*** Opening of Given information ***

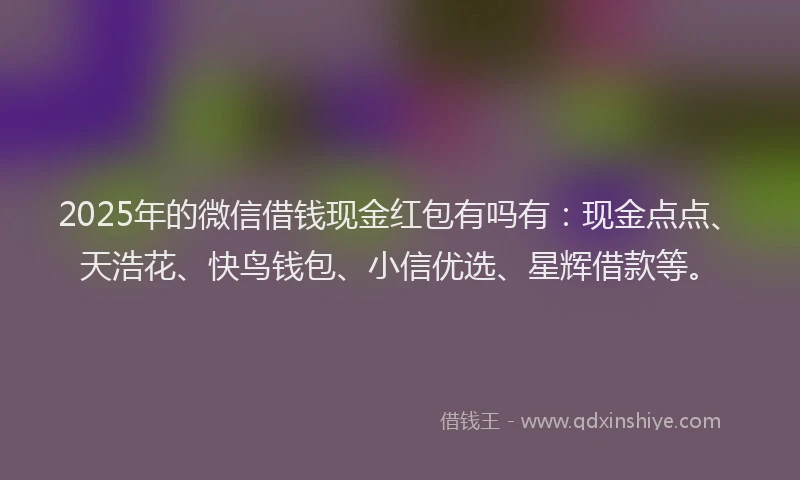 2025年的微信借钱现金红包有吗有：现金点点、天浩花、快鸟钱包、小信优选、星辉借款等。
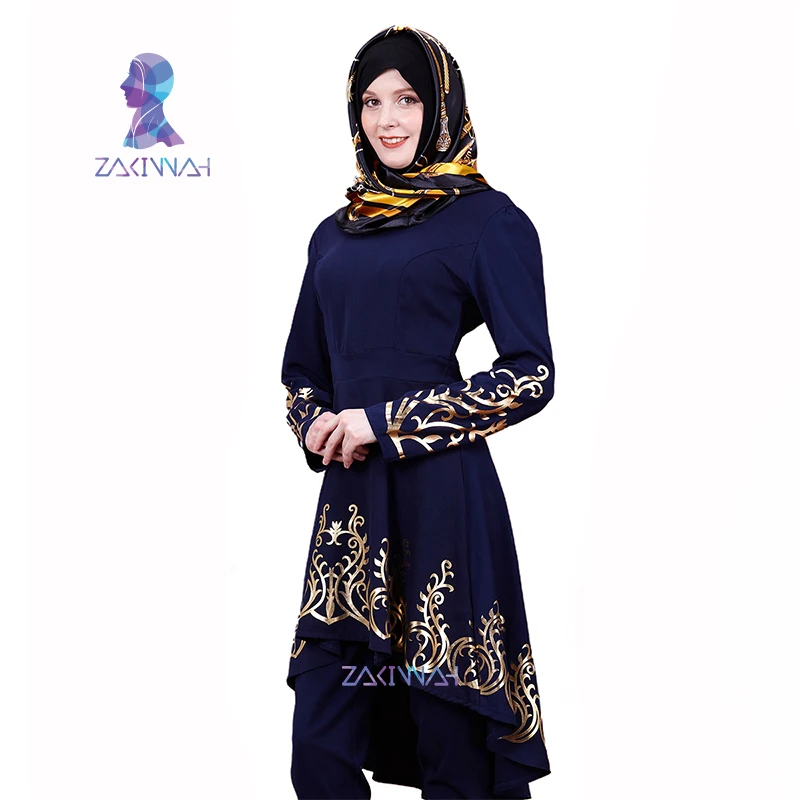 ZK009 модный мусульманский однотонный топ с горячей штамповкой и позолоченным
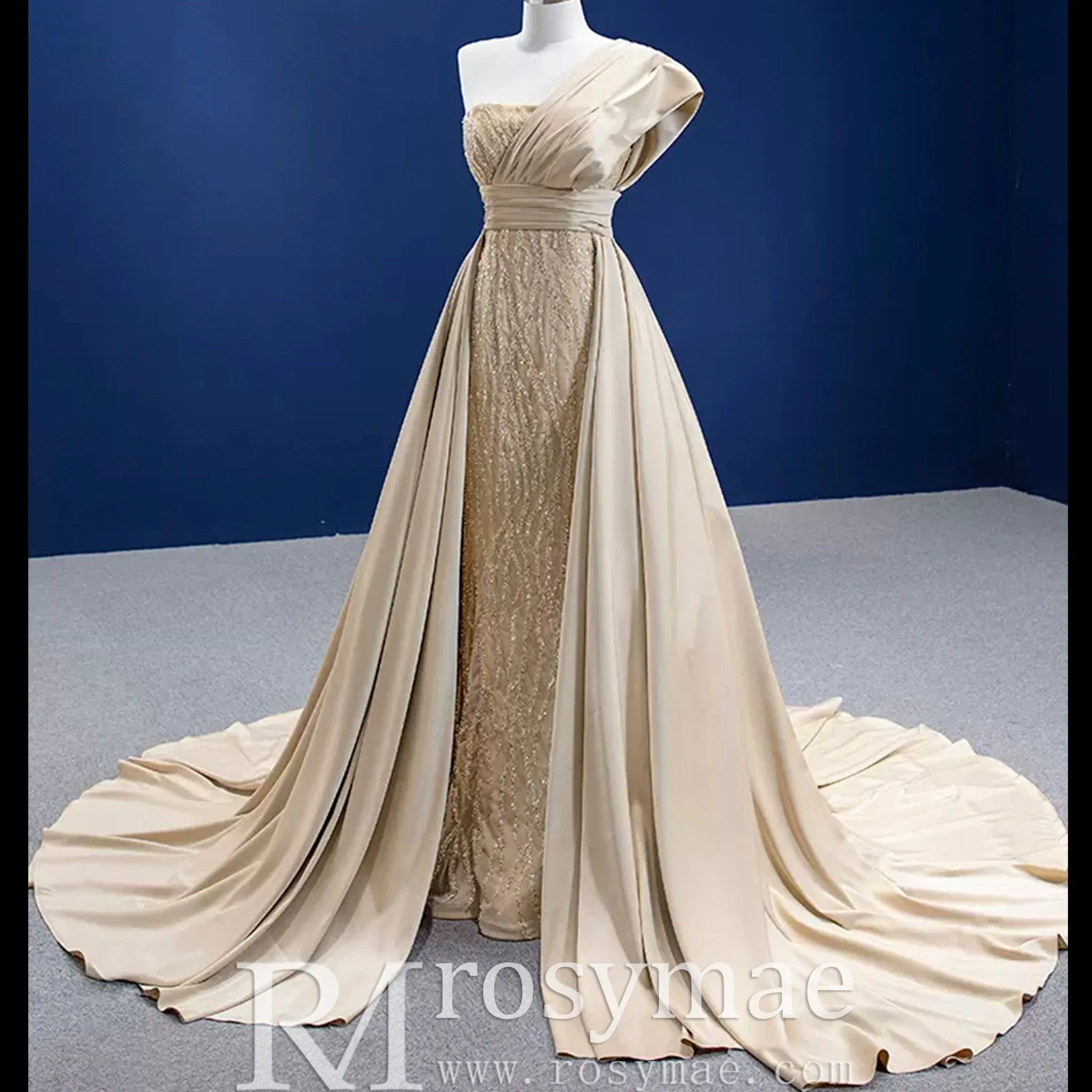 Sequins Glitter Prom Dress Detachable Train Mermaid Evening Gown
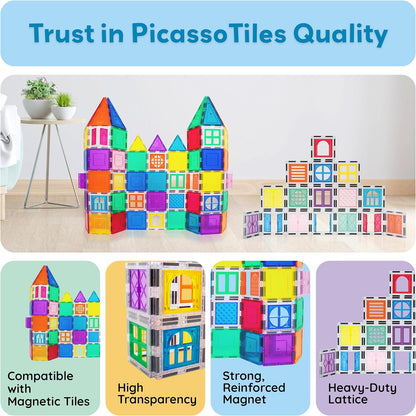 PicassoTiles Window and Door Clip On Magnetic Blocks Magnet Tiles Magnets Building Tile Construction Toy Set STEM Education Toys Learning Kit Stacking Block Playset Boys & Girls Age 3+ PT30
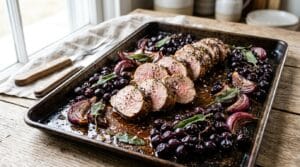 Sliced roasted pork tenderloin on a sheet pan with burst Concord grapes, red onion, and crisped sage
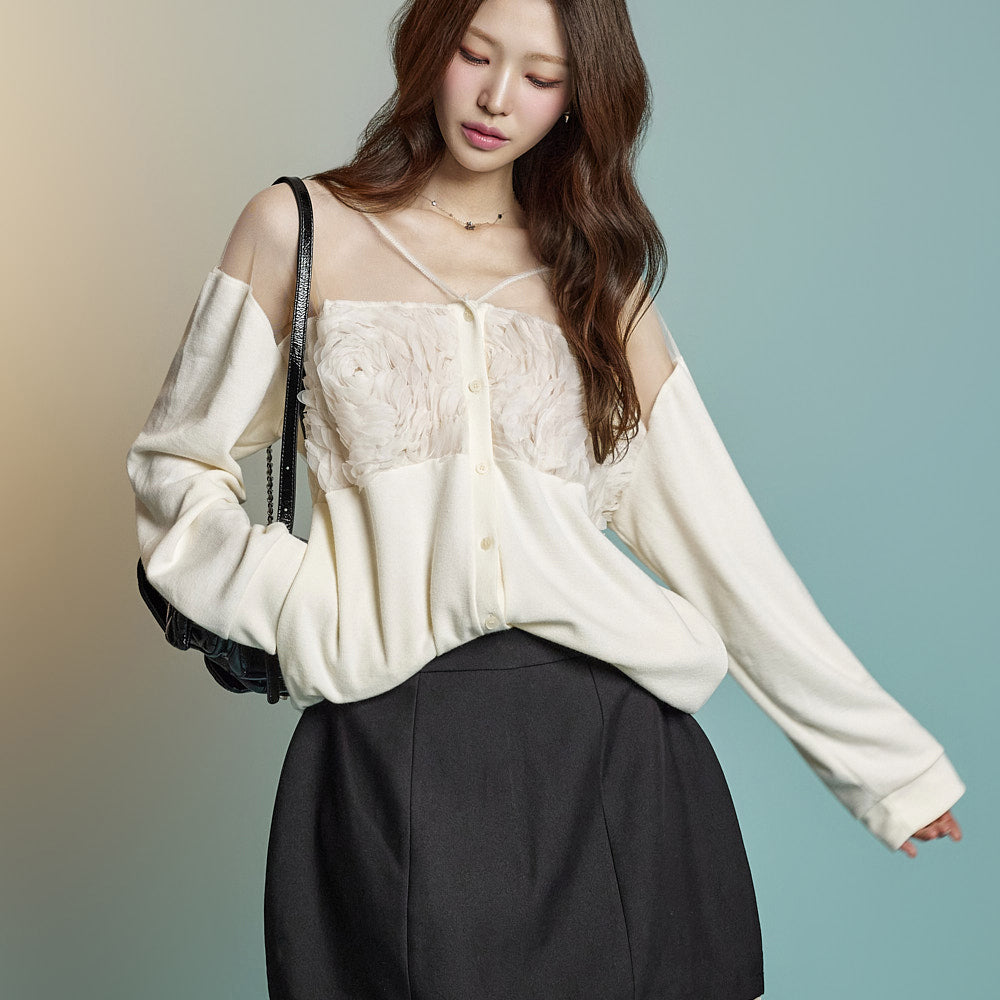 J2819 Sheer Rose Cardigan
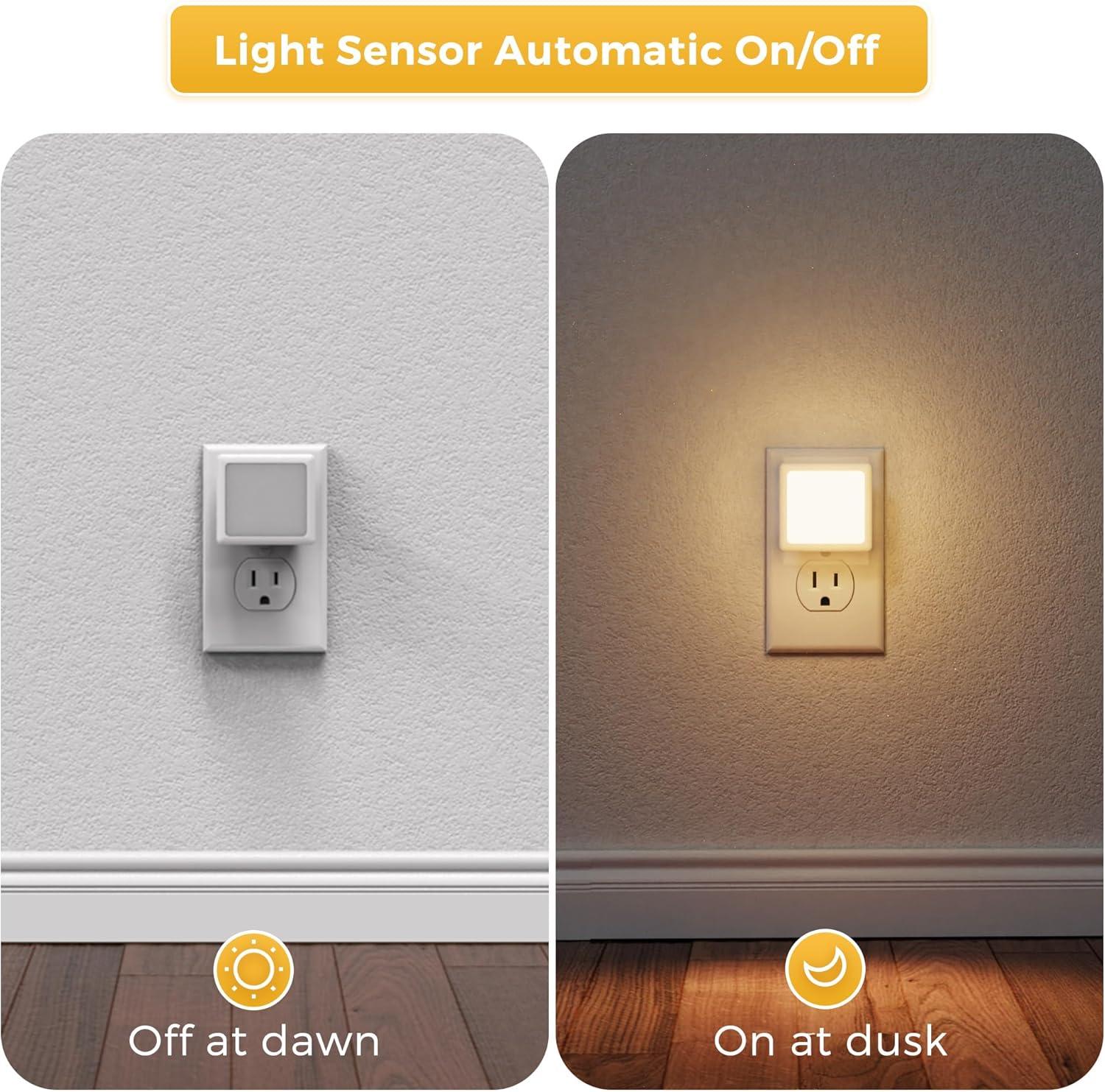 imageL LOHAS LED Night Lights Plug into Wall 2 Pack Night Light with Dusk to Dawn Sensor 3000K Soft White NonDim Ideal for Bathroom Night Light Hallway Kitchen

*** Close of Given information ***

Task to complete —
Restate only the lines running from the start of the material above through the line containing "PicassoTiles Window and", ends included. No pictures.

Answer box —
 2025年的微信借钱现金红包有吗有：现金点点、天浩花、快鸟钱包、小信优选、星辉借款等。
 ZK009 модный мусульманский однотонный топ с горячей штамповкой и позолоченным
 Sequins Glitter Prom Dress Detachable Train Mermaid Evening Gown
 PicassoTiles Window and Door Clip On Magnetic Blocks Magnet Tiles Magnets Building Tile Construction Toy Set STEM Education Toys Learning Kit Stacking Block Playset Boys & Girls Age 3+ PT30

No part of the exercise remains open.